» Information supplied

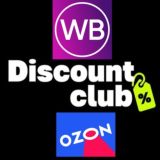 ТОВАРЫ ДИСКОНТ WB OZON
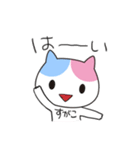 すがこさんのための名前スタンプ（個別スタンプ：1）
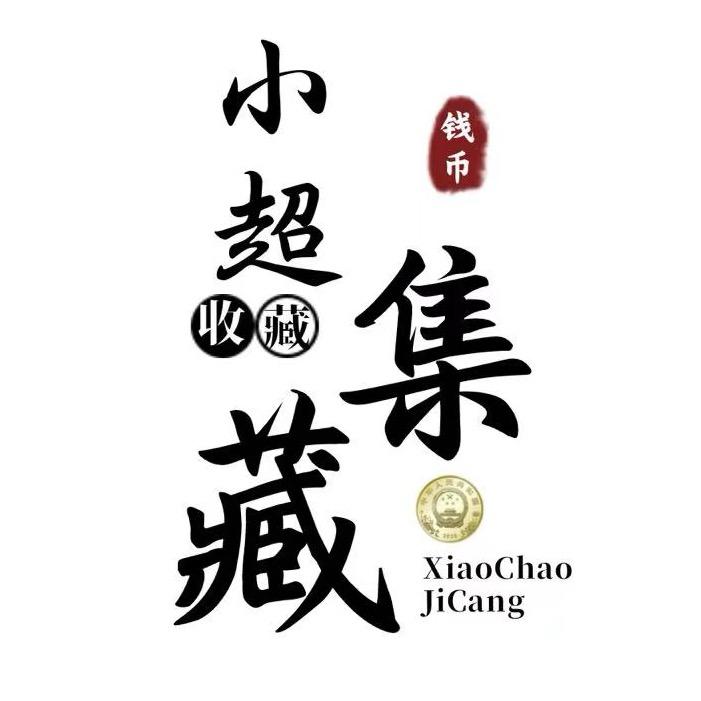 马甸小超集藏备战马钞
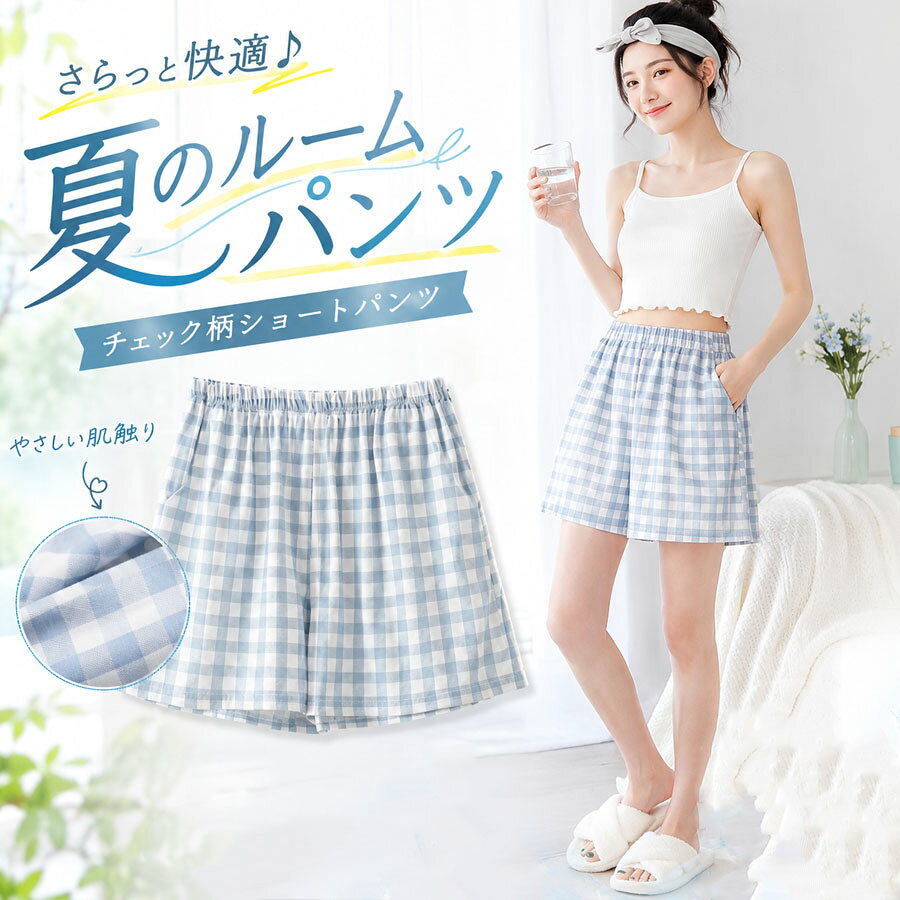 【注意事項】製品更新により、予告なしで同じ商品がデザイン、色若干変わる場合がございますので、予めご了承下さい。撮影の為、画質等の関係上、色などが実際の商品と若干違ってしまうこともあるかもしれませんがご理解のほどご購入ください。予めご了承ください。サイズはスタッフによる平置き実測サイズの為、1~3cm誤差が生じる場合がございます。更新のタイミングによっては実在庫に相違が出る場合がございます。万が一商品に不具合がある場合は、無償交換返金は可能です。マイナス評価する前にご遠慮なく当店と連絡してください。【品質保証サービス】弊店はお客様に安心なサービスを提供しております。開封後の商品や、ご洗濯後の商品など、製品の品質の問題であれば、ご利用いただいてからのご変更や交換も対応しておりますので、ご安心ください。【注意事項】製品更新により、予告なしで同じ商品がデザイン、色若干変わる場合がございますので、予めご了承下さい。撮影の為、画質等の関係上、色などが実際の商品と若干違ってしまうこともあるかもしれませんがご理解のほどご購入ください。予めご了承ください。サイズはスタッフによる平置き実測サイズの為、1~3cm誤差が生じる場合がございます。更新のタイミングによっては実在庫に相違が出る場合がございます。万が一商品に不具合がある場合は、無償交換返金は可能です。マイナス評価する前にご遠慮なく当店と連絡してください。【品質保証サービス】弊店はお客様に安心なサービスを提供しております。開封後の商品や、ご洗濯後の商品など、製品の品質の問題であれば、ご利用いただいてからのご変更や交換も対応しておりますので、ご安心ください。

» Exercise
Restate word for word only the lines that run from the line holding "すがこさんのための名前スタンプ（個別スタンプ：1）" to the end of the data, both ends kept, leaving every picture out.

» Worked solution
 すがこさんのための名前スタンプ（個別スタンプ：1）
 马甸小超集藏备战马钞
 【注意事項】製品更新により、予告なしで同じ商品がデザイン、色若干変わる場合がございますので、予めご了承下さい。撮影の為、画質等の関係上、色などが実際の商品と若干違ってしまうこともあるかもしれませんがご理解のほどご購入ください。予めご了承ください。サイズはスタッフによる平置き実測サイズの為、1~3cm誤差が生じる場合がございます。更新のタイミングによっては実在庫に相違が出る場合がございます。万が一商品に不具合がある場合は、無償交換返金は可能です。マイナス評価する前にご遠慮なく当店と連絡してください。【品質保証サービス】弊店はお客様に安心なサービスを提供しております。開封後の商品や、ご洗濯後の商品など、製品の品質の問題であれば、ご利用いただいてからのご変更や交換も対応しておりますので、ご安心ください。【注意事項】製品更新により、予告なしで同じ商品がデザイン、色若干変わる場合がございますので、予めご了承下さい。撮影の為、画質等の関係上、色などが実際の商品と若干違ってしまうこともあるかもしれませんがご理解のほどご購入ください。予めご了承ください。サイズはスタッフによる平置き実測サイズの為、1~3cm誤差が生じる場合がございます。更新のタイミングによっては実在庫に相違が出る場合がございます。万が一商品に不具合がある場合は、無償交換返金は可能です。マイナス評価する前にご遠慮なく当店と連絡してください。【品質保証サービス】弊店はお客様に安心なサービスを提供しております。開封後の商品や、ご洗濯後の商品など、製品の品質の問題であれば、ご利用いただいてからのご変更や交換も対応しておりますので、ご安心ください。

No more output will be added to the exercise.